Comprehensive comparison of Faster R-CNN and YOLOv8 for object detection on a custom dataset with laptop, mouse, keyboard, and utensils.

This project implements and compares two state-of-the-art object detection algorithms - Faster R-CNN and YOLOv8 - for the Duke AIPI 590 Applied Computer Vision Course. The project involves training, evaluating, and comparing these models’ performance on a custom dataset with four object categories: laptop, mouse, keyboard, and utensils.

Dataset

  • Total Images: 362 manually annotated images
  • Classes: Laptop, Mouse, Keyboard, Utensils
  • Annotation Tool: CVAT for precise manual labeling
  • Data Quality: Consistent annotations across both YOLOv8 and Faster R-CNN formats

Models Implemented

YOLOv8

  • Architecture: Real-time, single-stage object detector
  • Training: 30 epochs with 5-epoch update intervals
  • Performance: mAP@0.5: 0.858, mAP@0.5:0.95: 0.641
  • Inference Speed: ~3.5 ms per image
  • Model Size: 5.26 MB
  • Deployment: Exported to ONNX format for cross-platform compatibility

Faster R-CNN

  • Architecture: Two-stage detector with ResNet-50 backbone and Feature Pyramid Network (FPN)
  • Training: 3000 iterations with gradient clipping
  • Performance: mAP@0.5: 0.709, mAP@0.5:0.95: 0.521
  • Inference Speed: ~60 ms per image
  • Model Size: 314.85 MB

Key Results

The comparison reveals important trade-offs between the two approaches:

  • YOLOv8: Superior speed and efficiency with competitive accuracy
  • Faster R-CNN: Higher accuracy but significantly larger model size and slower inference
  • Speed vs.
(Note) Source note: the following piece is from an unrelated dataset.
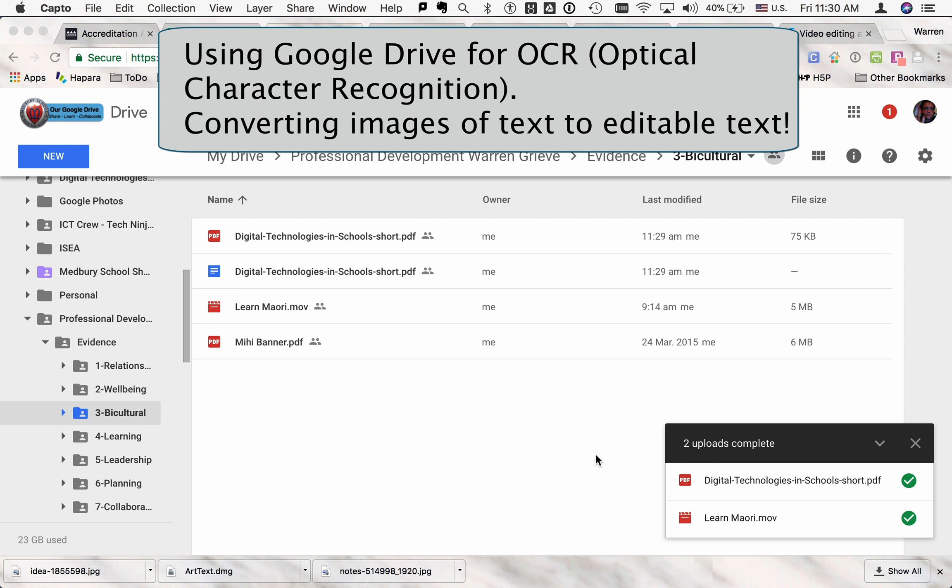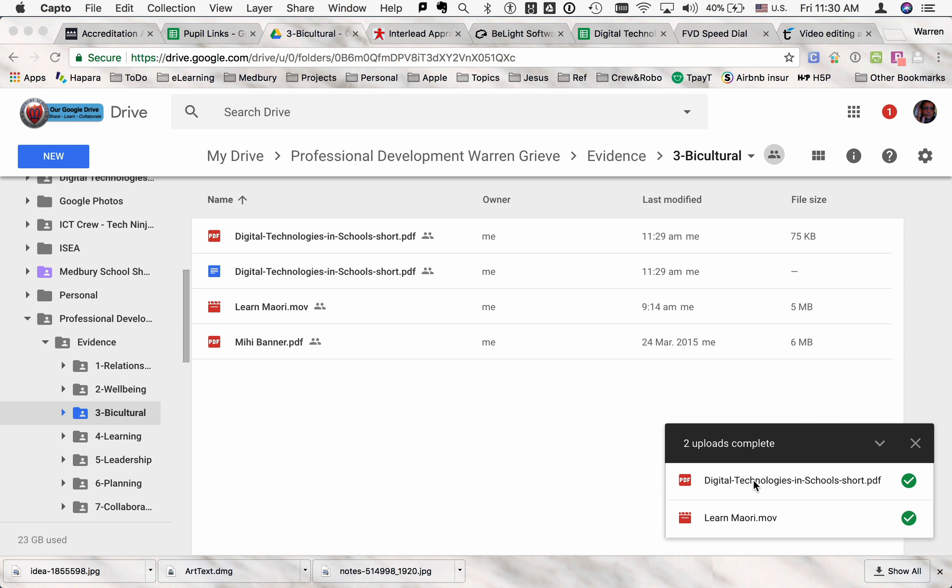This is often called OCR, optical character recognition. So you can see I've just uploaded this digital technologies in school PDF and here it is. And this is a PDF with text in it.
Accuracy: Clear trade-off between real-time performance and detection precision

Technical Contributions

  • Custom dataset creation and annotation
  • Comprehensive model training and evaluation pipeline
  • Performance benchmarking across multiple metrics
  • Cross-platform deployment optimization
  • Detailed comparative analysis of modern object detection architectures

This project demonstrates practical implementation skills in computer vision and provides valuable insights into the performance characteristics of different object detection paradigms.